> What you are asked to do
Once the line with "this 499×330 image." is found in the entries below, repeat that line and every one after it exactly, ending at the last.

> Data shown

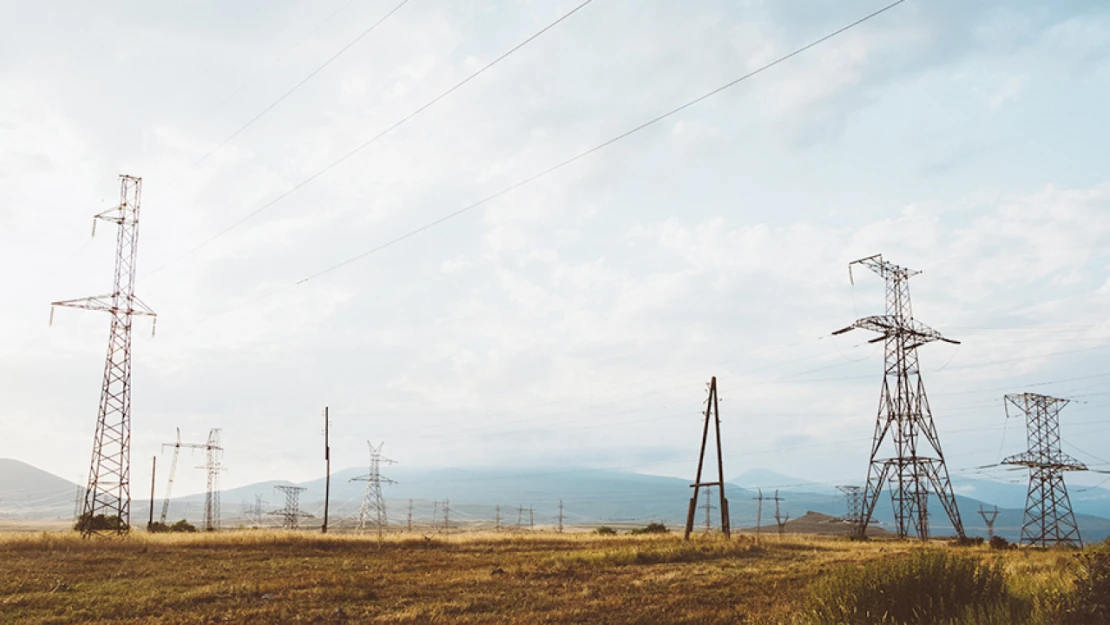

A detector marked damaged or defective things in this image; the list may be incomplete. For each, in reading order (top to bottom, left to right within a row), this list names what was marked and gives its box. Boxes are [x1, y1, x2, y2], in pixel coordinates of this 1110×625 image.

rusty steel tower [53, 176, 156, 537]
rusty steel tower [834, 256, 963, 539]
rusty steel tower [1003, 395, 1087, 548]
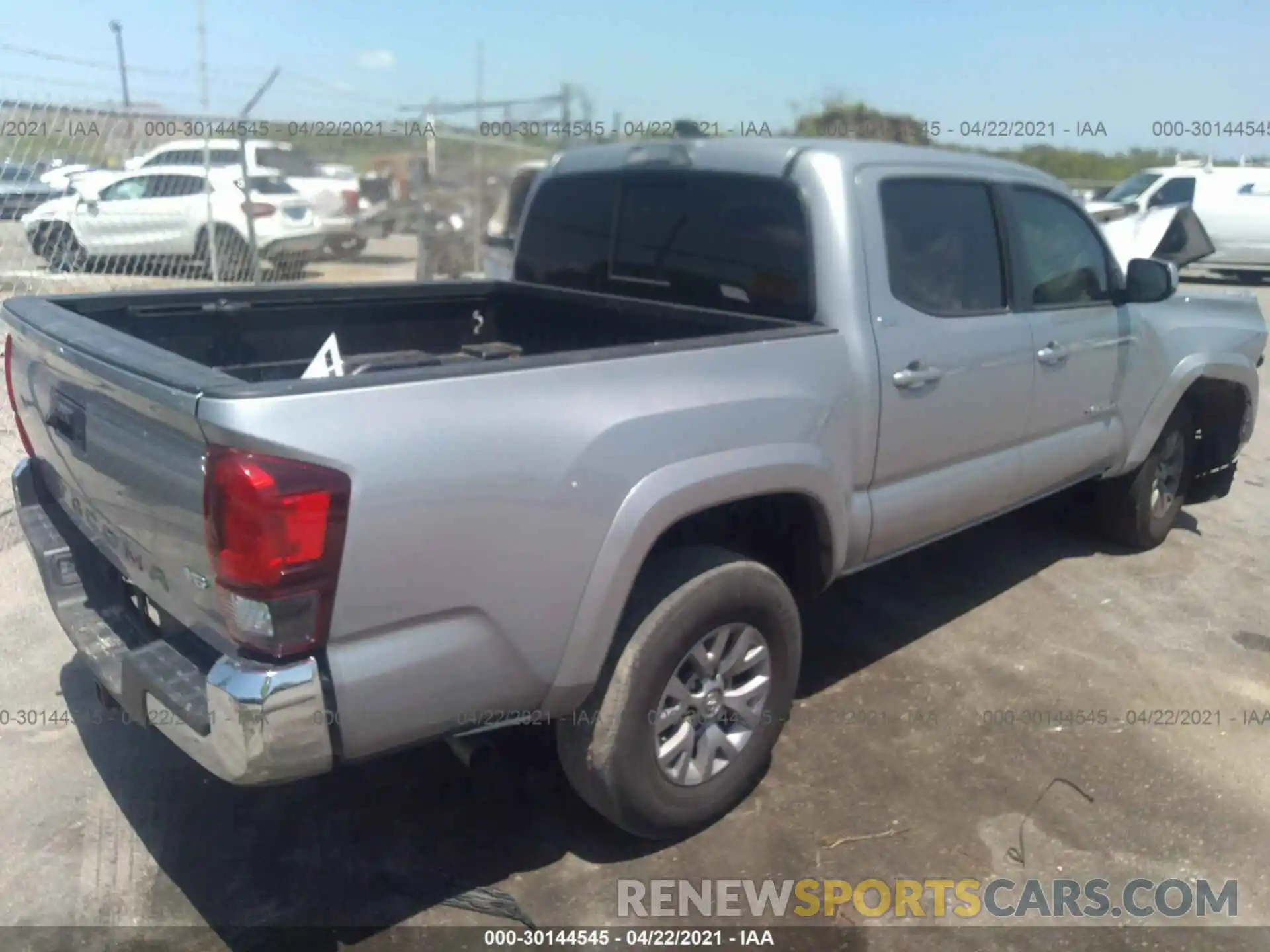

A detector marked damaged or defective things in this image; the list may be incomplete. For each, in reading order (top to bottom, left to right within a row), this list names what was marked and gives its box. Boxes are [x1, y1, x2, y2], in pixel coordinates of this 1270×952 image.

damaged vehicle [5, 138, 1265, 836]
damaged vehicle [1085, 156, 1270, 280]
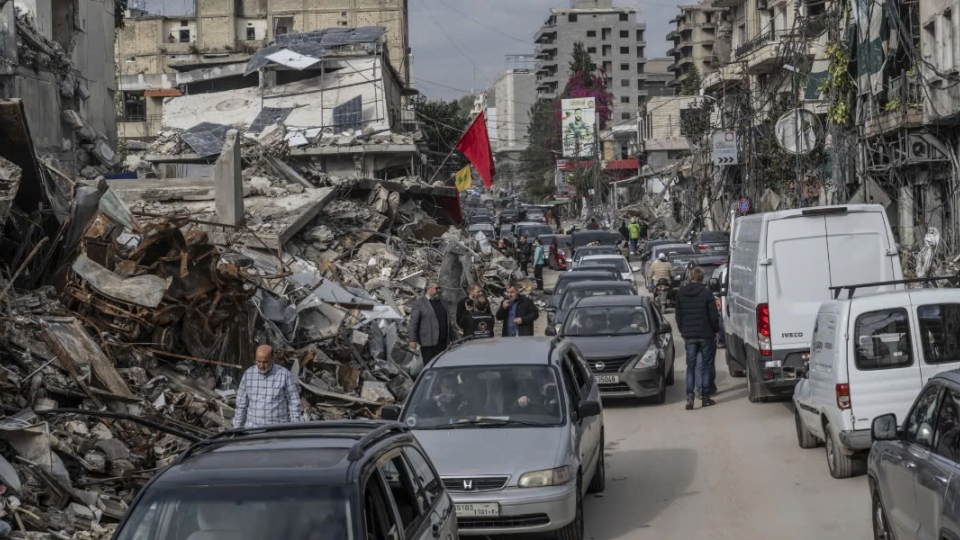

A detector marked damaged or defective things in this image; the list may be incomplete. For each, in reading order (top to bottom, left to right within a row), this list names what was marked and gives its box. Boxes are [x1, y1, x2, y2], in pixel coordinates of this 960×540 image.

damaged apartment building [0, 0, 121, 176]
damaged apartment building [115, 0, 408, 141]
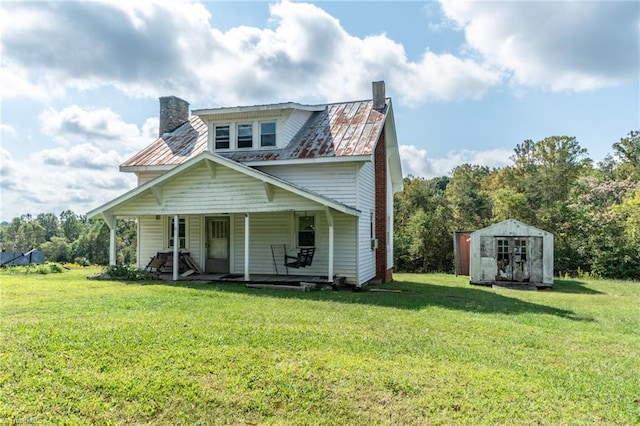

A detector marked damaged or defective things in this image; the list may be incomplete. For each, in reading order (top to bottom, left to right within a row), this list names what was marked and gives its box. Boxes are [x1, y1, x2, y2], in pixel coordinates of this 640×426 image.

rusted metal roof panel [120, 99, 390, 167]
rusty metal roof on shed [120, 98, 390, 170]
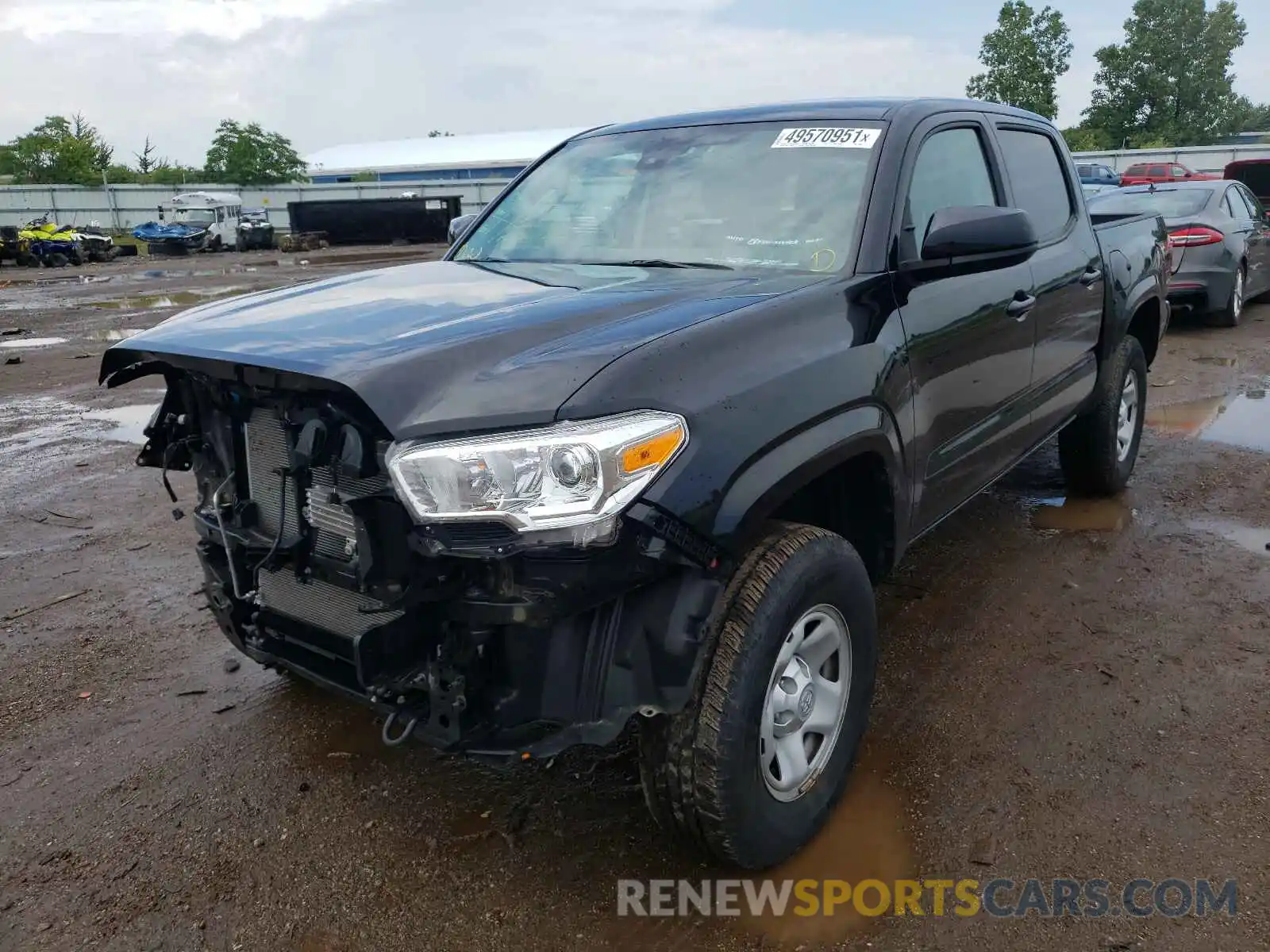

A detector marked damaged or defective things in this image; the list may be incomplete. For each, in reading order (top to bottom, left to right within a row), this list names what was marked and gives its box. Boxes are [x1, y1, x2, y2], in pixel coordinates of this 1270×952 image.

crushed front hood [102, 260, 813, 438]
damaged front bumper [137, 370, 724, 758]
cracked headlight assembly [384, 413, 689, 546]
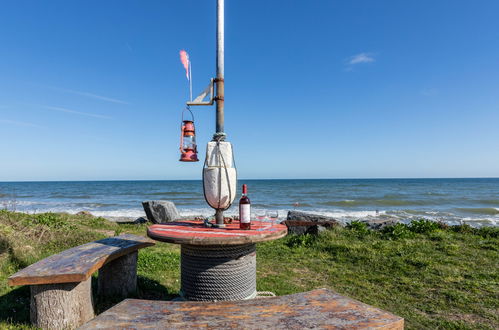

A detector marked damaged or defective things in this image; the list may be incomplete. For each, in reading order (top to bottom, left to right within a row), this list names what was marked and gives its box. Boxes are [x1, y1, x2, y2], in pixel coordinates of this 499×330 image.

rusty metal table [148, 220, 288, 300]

> Written solution
A detector marked damaged or defective things in this image; the list may be incomplete. For each, in reading order (top to bottom, left to right within a row), this list names what was marked and gives its box. Boxes are [x1, y1, x2, y2], in pixel coordinates of this 499×330 image.

rusty metal table [148, 220, 288, 300]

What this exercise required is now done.